Compare that to what a git trailer gives you: a tool name and an email address.

The 10 capability slots

The most important part of the schema is the capture.capabilities array. Every provenance event gets 10 named capability assessments:

prompt-body       — was the full prompt captured?
response-body     — was the raw model response captured?
headers           — were the request headers available?
request-id        — was a UUID present to link request to insertion?
session-id        — was there session context?
model             — was the model name captured?
user-agent        — was the tool's user-agent available?
file-diff         — was the inserted diff captured? (always 'provided')
file-context      — did the file context match to the capture?
workspace         — was workspace context available?

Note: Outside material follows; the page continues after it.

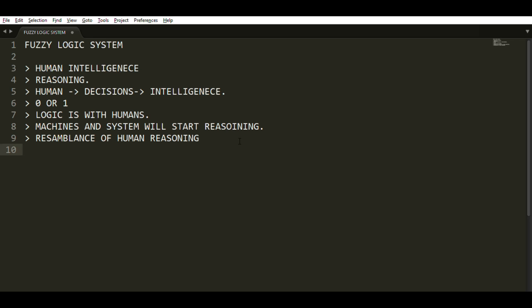There are various algorithms on which fuzzy logic works. For example: fuzzification, inference engine, defuzzification, membership functions, and control rules — all of these contribute to the fuzzy system.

Each entry carries a status: provided, missing, or unknown.

This matters because it tells you precisely what you know about a given insertion and what you don't. A record with prompt-body: missing and promptStatus: 'not-captured' is not the same as no record — it is an explicit declaration that the prompt gap exists. That gap is auditable. An audit trail with explicit gaps is categorically more useful than a label with no gaps declared.

The VS Code co-author trailer has no gap declarations. It has no granularity at all — it just has nothing.

Capture time vs. commit time

The harder architectural point: by the time you are in a git commit, you have already lost the evidence.

The prompt body does not live anywhere post-generation. The model name was in the HTTP response header. The raw response body was discarded after the tool processed it. The timing data only exists in the milliseconds between request and file write.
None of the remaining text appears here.